The most vulnerable EM countries in such a scenario would be those that run hefty current account deficits and are therefore reliant on external financing. Such risks have been so well telegraphed that fund managers generally pursue a highly selective approach to EM assets.
One of the strategies deployed by investors to mitigate the risks of a strong dollar is to fund investments not by borrowing U.S. dollars but euro, which has depreciated or stayed steady against many EM currencies. In 2014, local EM currency bonds returned an average 7 percent against the euro and have returned 7.3 percent this year so far, according to Ms.

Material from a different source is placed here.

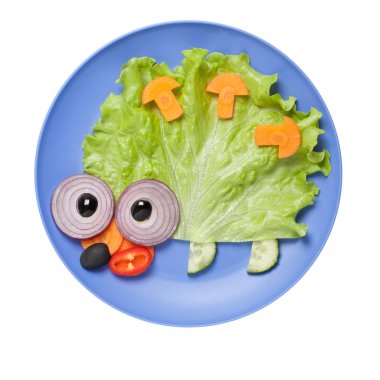 Eğlenceli kirpi sebze mavi plaka üzerinde yapılan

Prime.
Another scheme to defray EM risk is to select the bonds of investment-grade issuers only, thus qualifying for inflows from insurance companies and pension funds that are restricted by their covenants from investing in issues designated as 'junk.'
In a separate category, a large but relatively untapped opportunity lies in China. Some $1.5 trillion of the $4 trillion global market for EM local currency bonds is located within China's domestic market, accessible to foreign investors only through a tightly controlled quota system.
But for those investors able to access allocations, the returns can be attractive because of the higher interest rate environment in mainland China. The China Universal Enhanced Bond Fund, for example, returned 13.12 percent in 2014, according to China Universal, a Chinese asset manager.
"We are definitely seeing increasing interest from European investors, both retail and institutional, who are hunting for yield in a world that is not really delivering their return targets," said Christopher Gunns, a managing director at China Universal.
But, he notes that Chinese domestic debt stretches the comfort zone for some European investors. "Among the institutional investors there are two things at play; a conservative risk budget competing with a need to generate returns."